More generally, let $\mathbb{F}$ be a set of bounded densities on some compact metric space $\mathbb{M}$, let $T_n : L^1(\mathbb{M}) \rightarrow L^1(\mathbb{M})$, $n \in \mathbb{N}$, be a sequence of operators that are:

• shape preserving: $T_n$ maps densities to densities and $T_n(\mathbb{F}) \subset \mathbb{F}$; and
• approximating: $\|T_n f - f\|_\infty \rightarrow 0$ for all continuous $f$;

and finally let $\Pi_n$ be priors on $T_n(\mathbb{F})$ with full support. A sieve prior on $\mathbb{F}$ is defined by

$\Pi : A \mapsto \sum_n \rho(n) \Pi_n(A \cap T_n(\mathbb{F}))$.

Theorem.
If $0 < \rho(n) < Ce^{-c d_n}$ for some increasing sequence $d_n$ bounding the dimensions of $T_n (\mathbb{F})$, then the posterior distribution of $\Pi$ is strongly consistent at each density of $\mathbb{F}$.
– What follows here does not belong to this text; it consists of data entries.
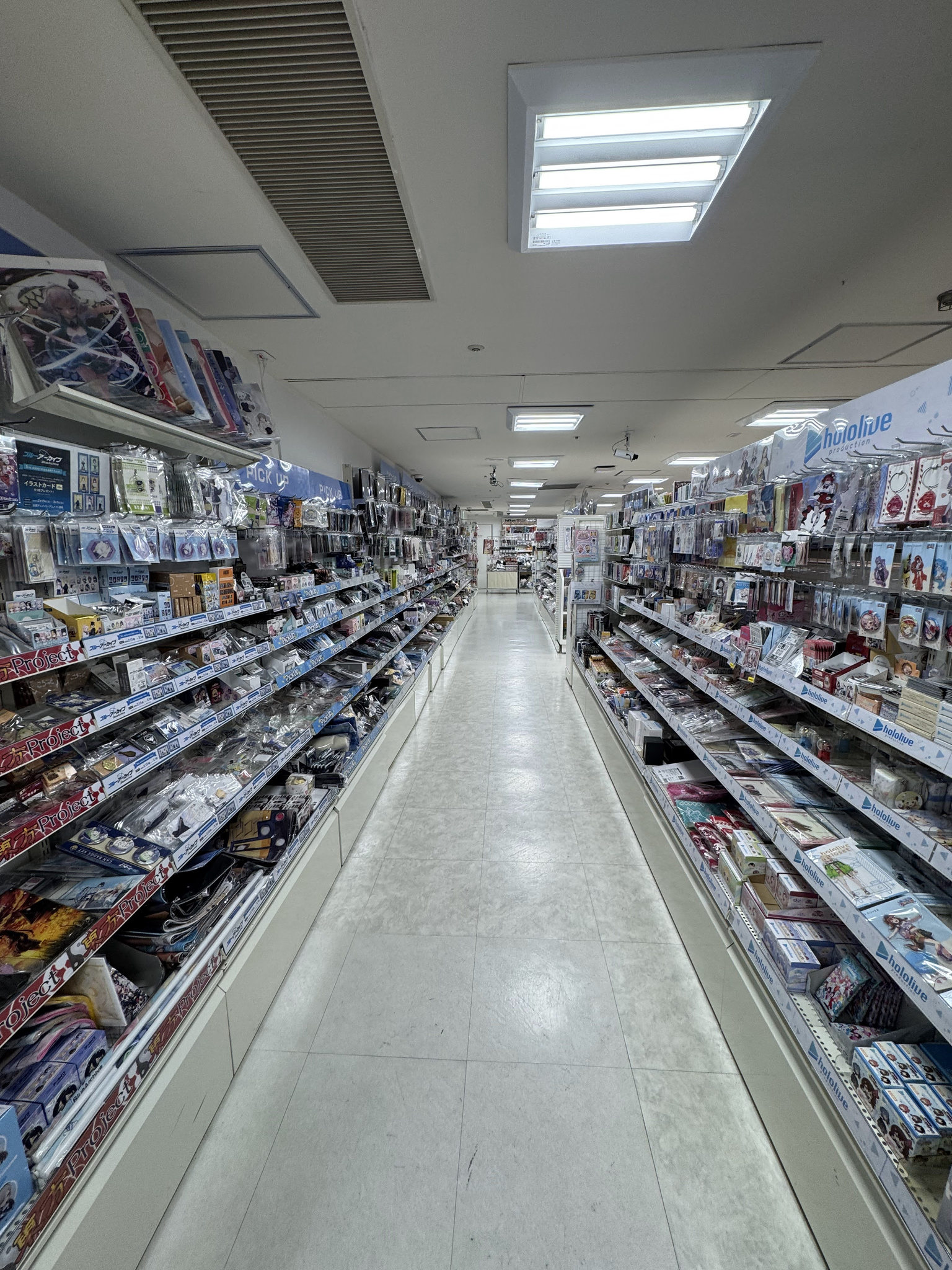 新宿店內的動漫周邊貨架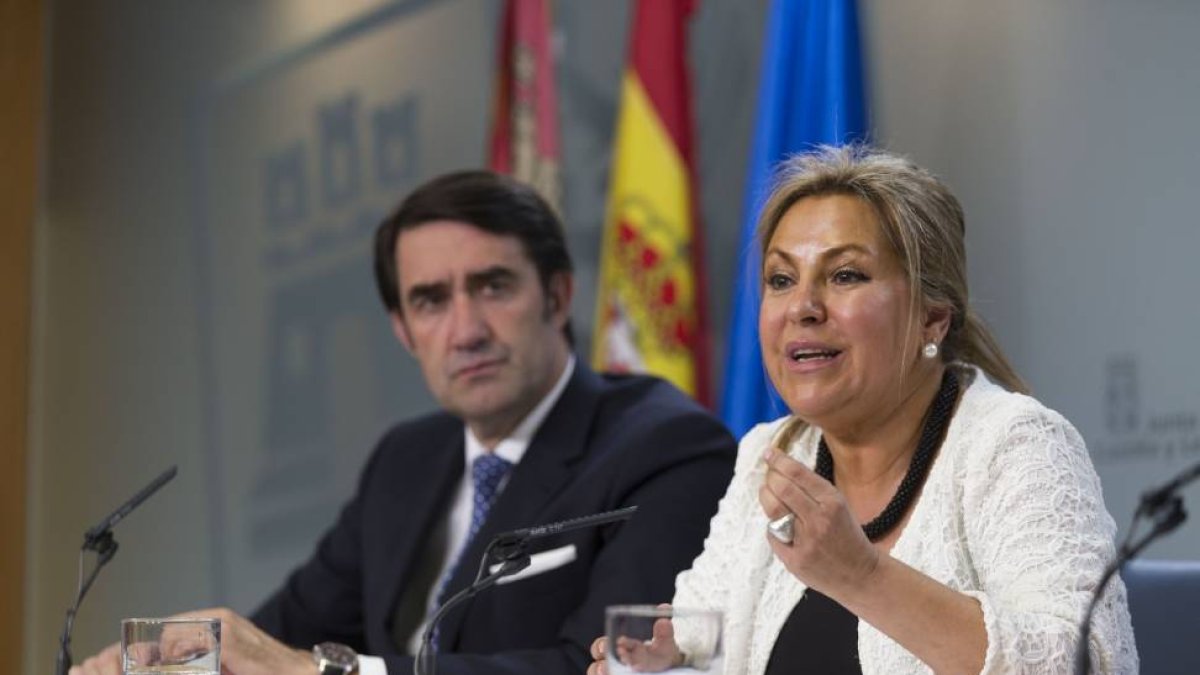 La vicepresidenta y portavoz de la Junta, Rosa Valdeón (D) y el Consejero de Fomento y Medio Ambiente, Juan Carlos Suárez Quiñones (D), comparecen tras la reunión del Consejo de Gobierno.-ICAL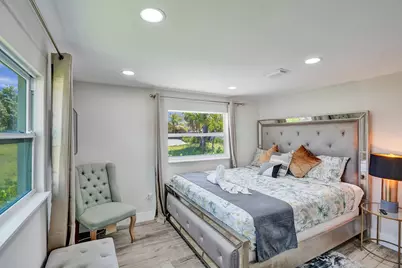 8021 NW 1st Place #1, Miami, FL 33150 - Photo 15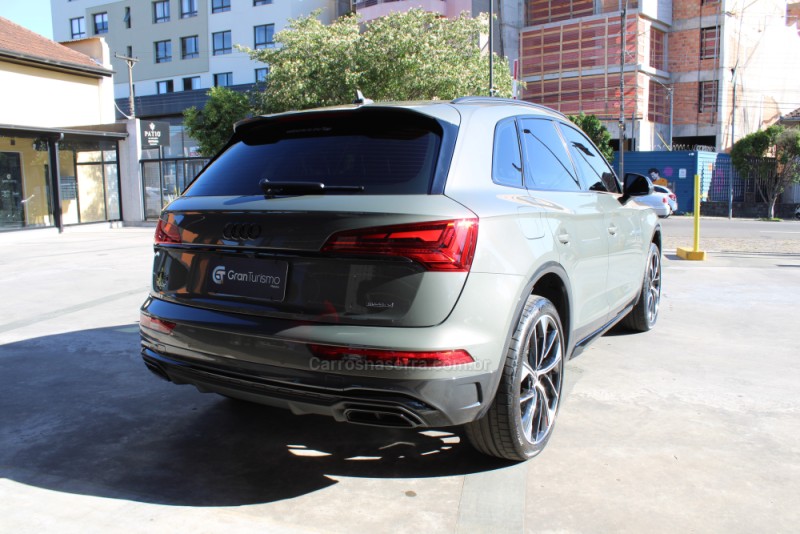 Q5 2.0 TFSI S LINE BLACK QUATTRO S TRONIC GASOLINA 4P - 2025 - CAXIAS DO SUL
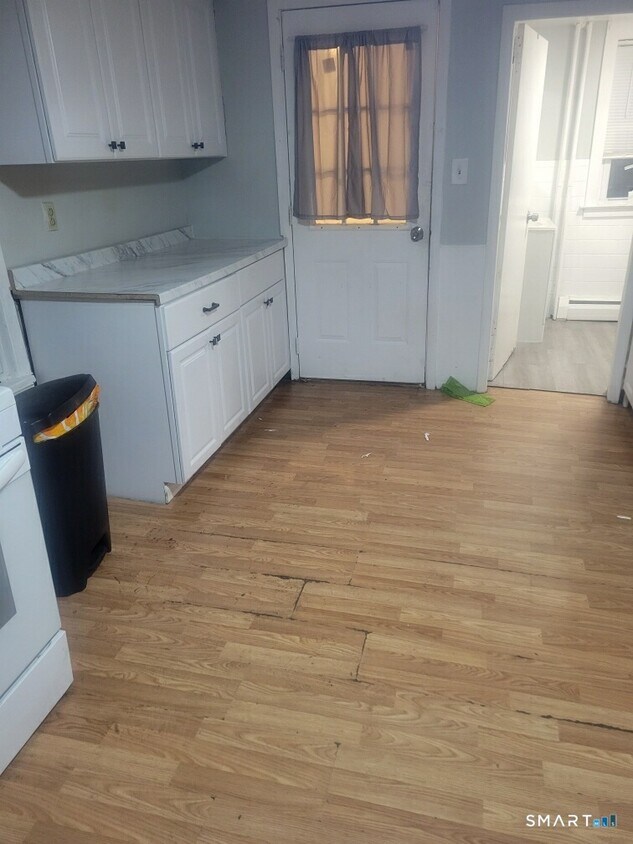 Building Photo - 116 Springdale Ave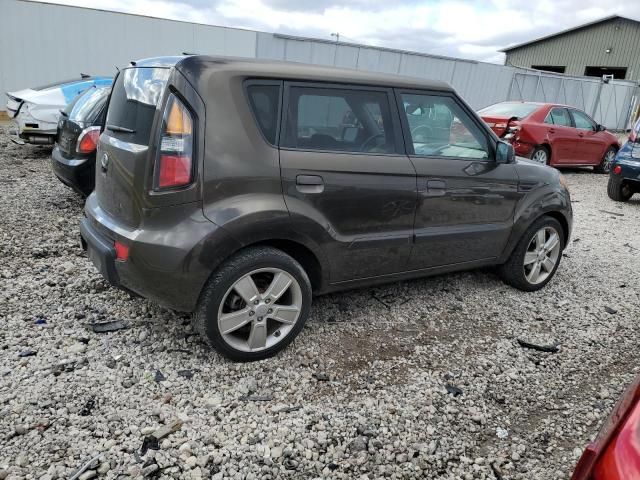 2010 KIA Soul +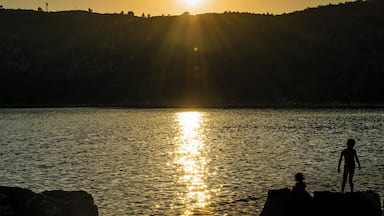 Sunset by Maljevik after a good evening swim! Beautifull last sunshines on the beach where 2 kids where playing.
#BeachTips #TroverOn #Montenegro
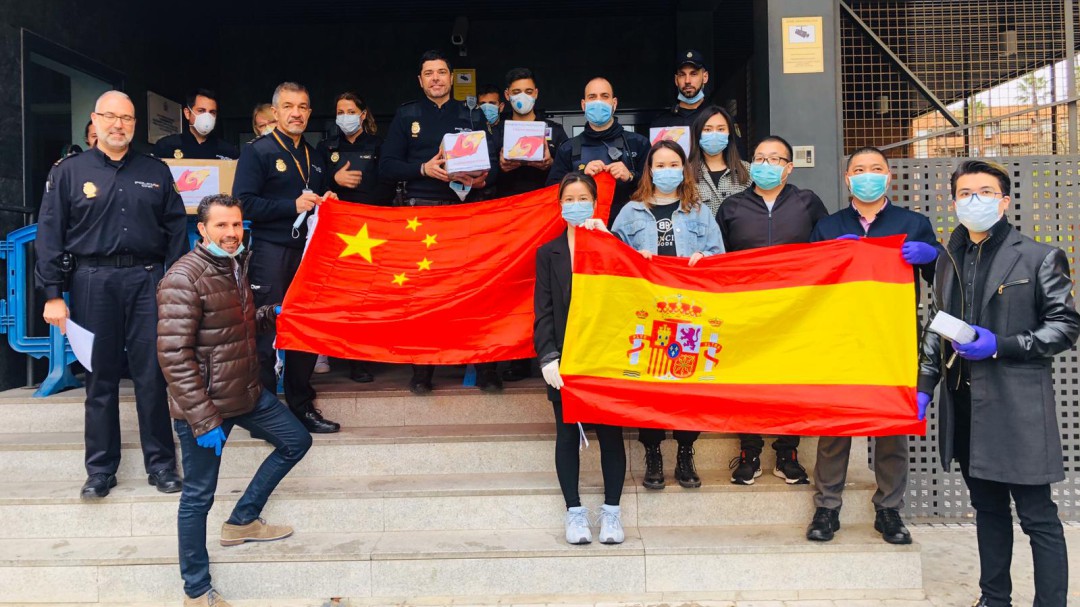La comunidad china de Murcia entrega 30.000 euros en material sanitario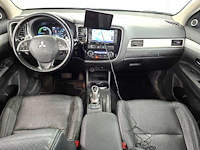 Mitsubishi outlander 2.0 phev instyle+ automaat, 5-trv-17 - afbeelding 8 van  10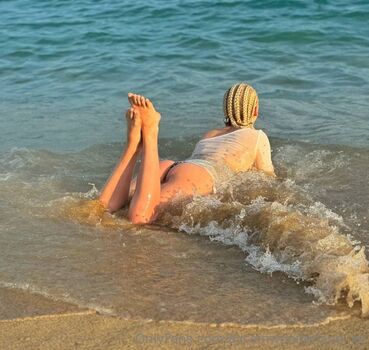 aliceinwonderland_xo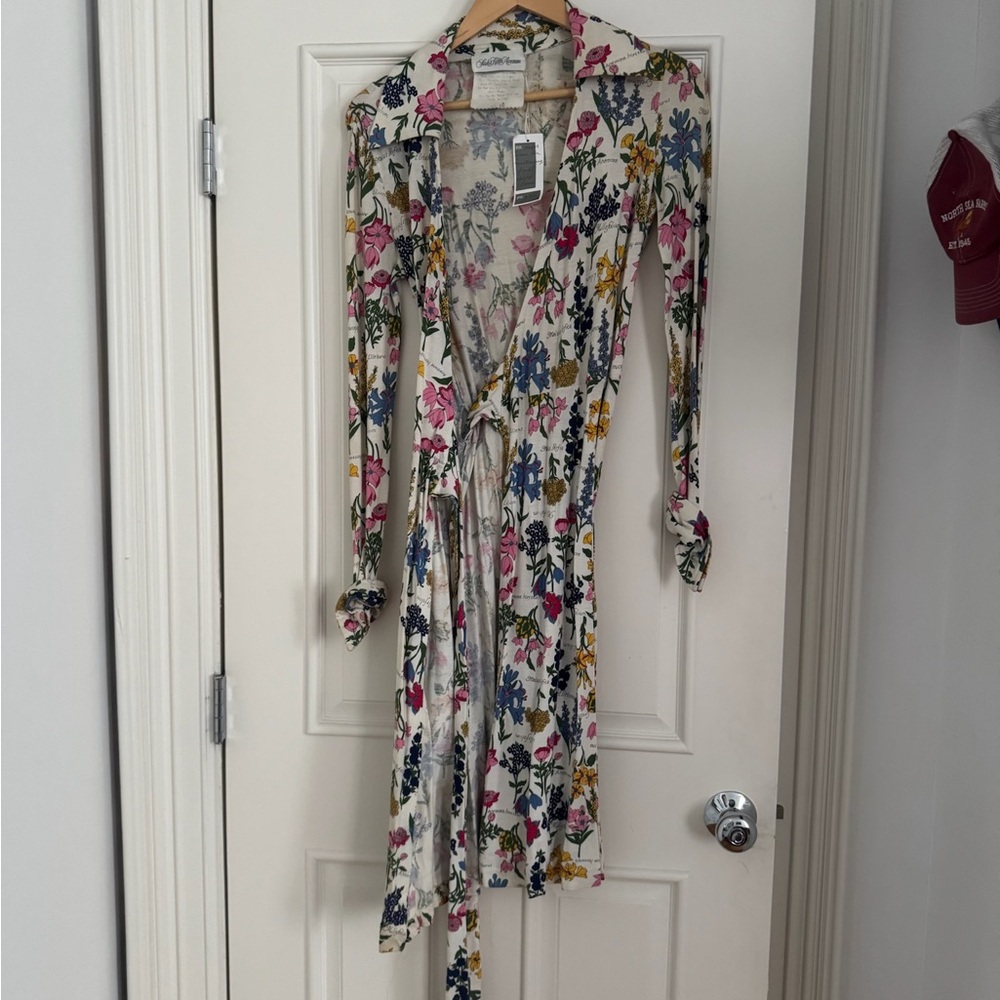 Vintage DVF for Saks Fifth Avenue Deadstock  Floral Long Sleeve Wrap Dress - Picture 3 of 3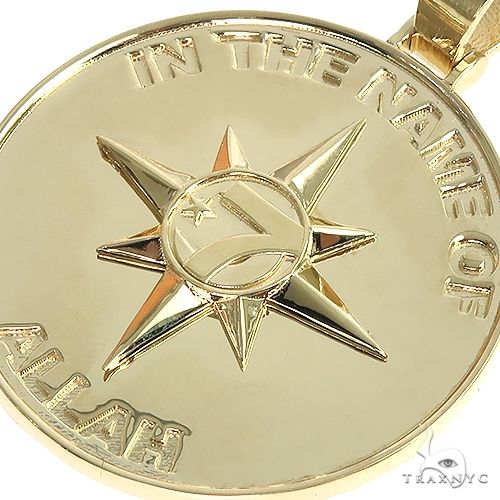 14K Gold 5 Percent Universal Flag Pendant, photo 3 of 6
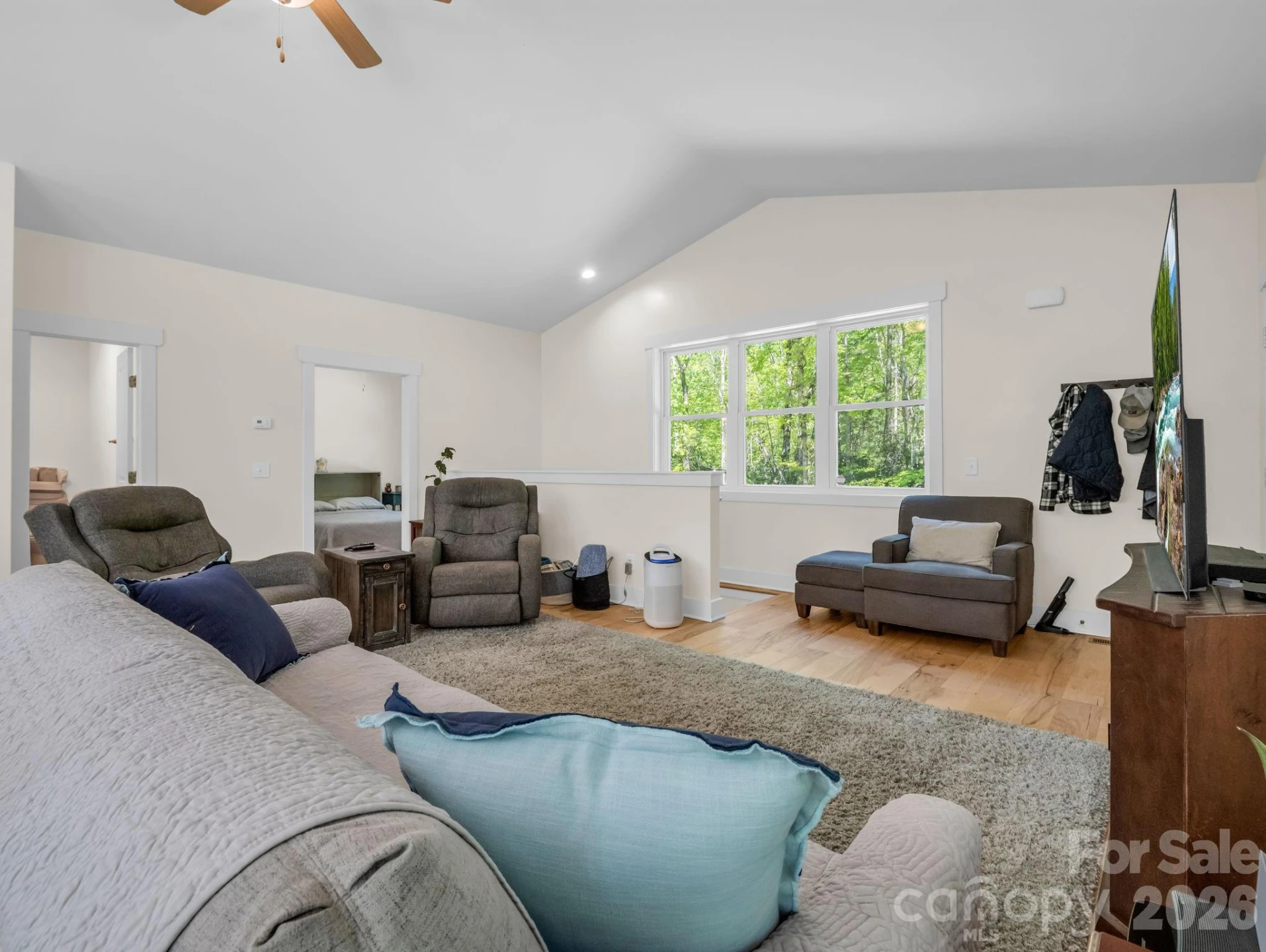 565 Pinewood Knoll Drive - Photo 8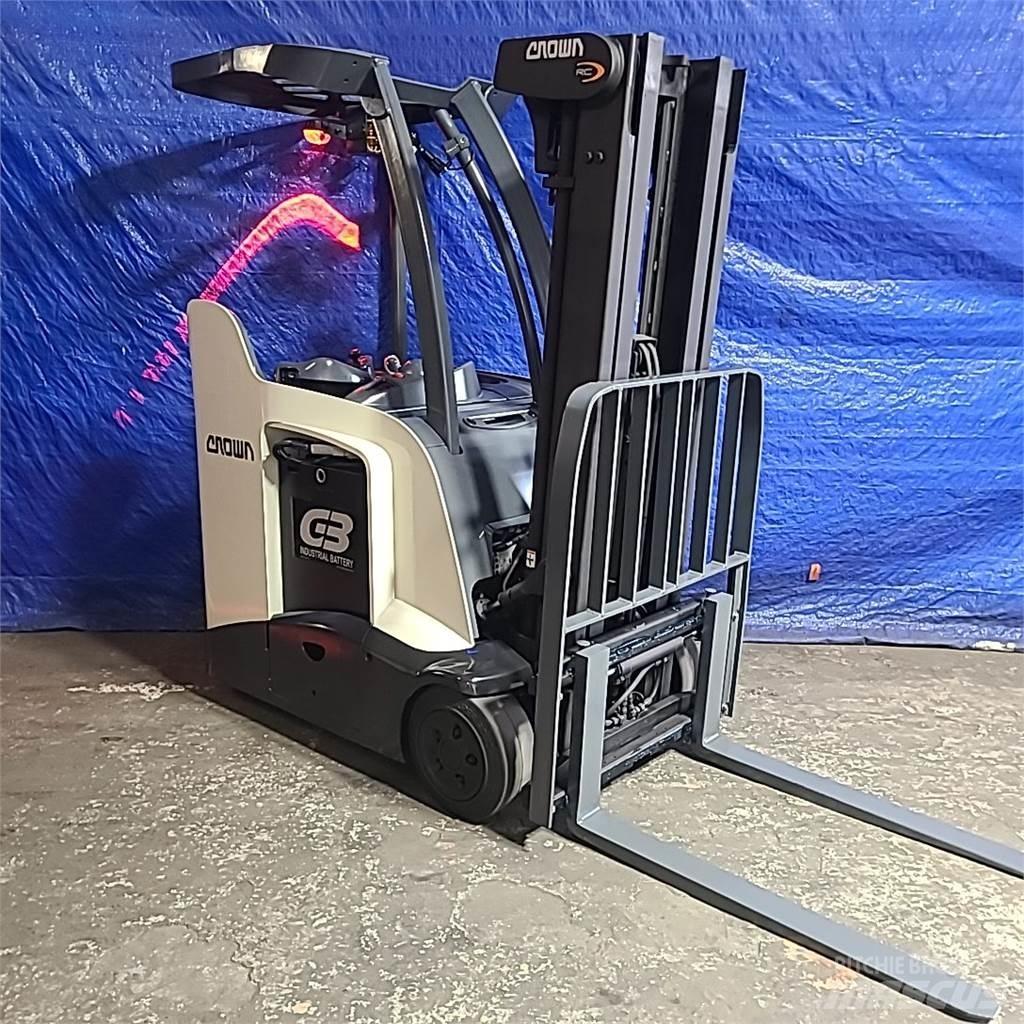 Crown RC5530-30 Electric forklift trucks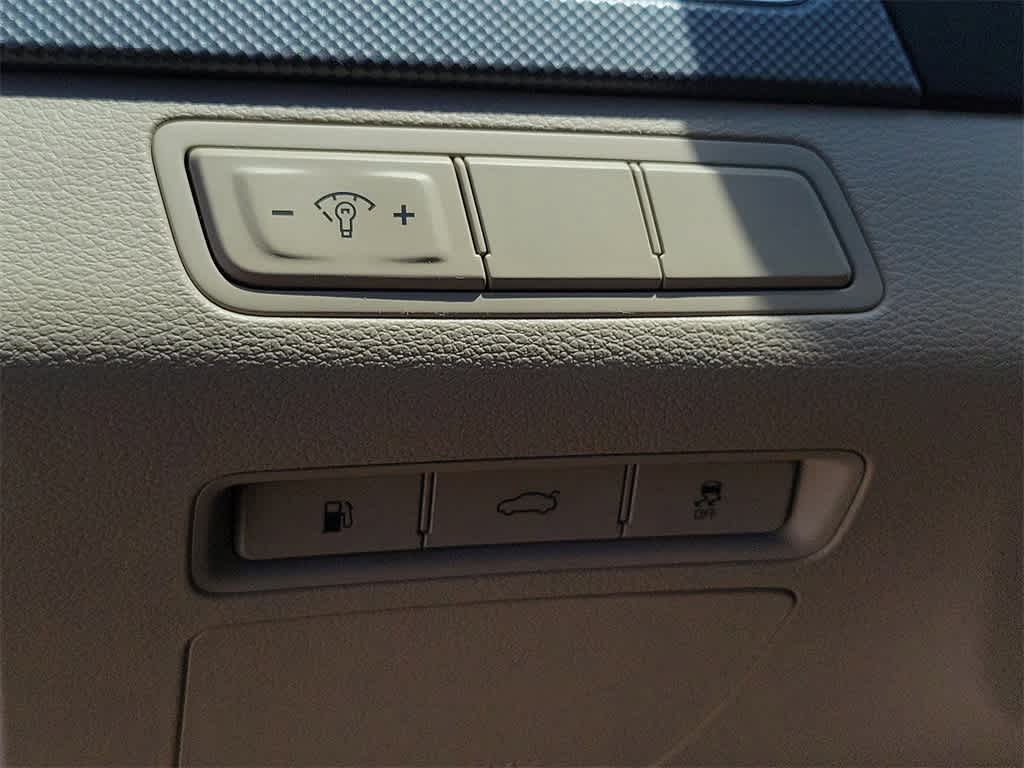 Thumbnail: 2016 Hyundai Sonata - 21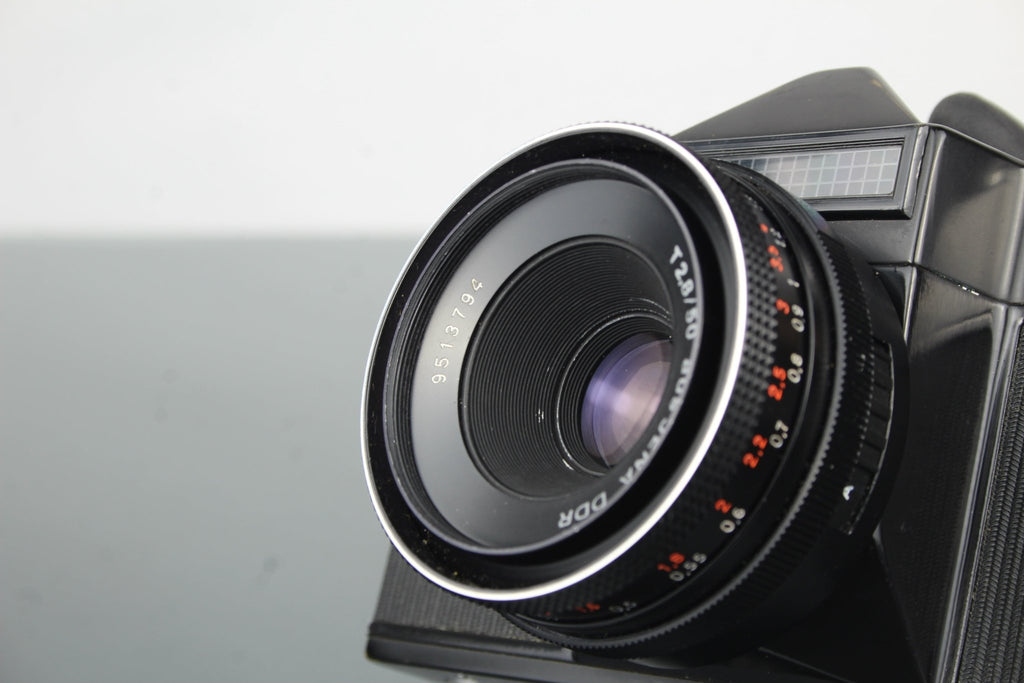 Zenit - E + Aus Jena DDR T 2.8/50 lens - Dutch|Thrift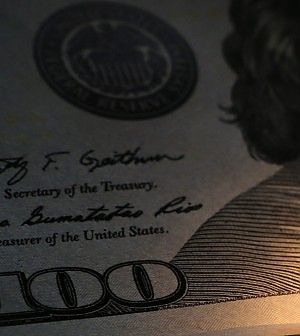 Sar&agrave; il dollaro a salvare l'euro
The approximation theory literature is rich in such operators. The theorem shows that they provide strongly consistent priors on arbitrary density spaces simply given priors $\Pi_n$ on $T_n(\mathbb{F})$.

Basic density estimation:

A thousand samples (grey histogram) were drawn from the density in orange. The prior is defined by (1) with the Dirichlet process centered on the uniform density and with a precision parameter of 2. The degree $n$ is distributed as a $\text{Poiss}(15)$. The blue line is the posterior mean, the dark blue shaded region is a 50% pointwise credible region around the median, and the light blue shaded region is a 90% credible region.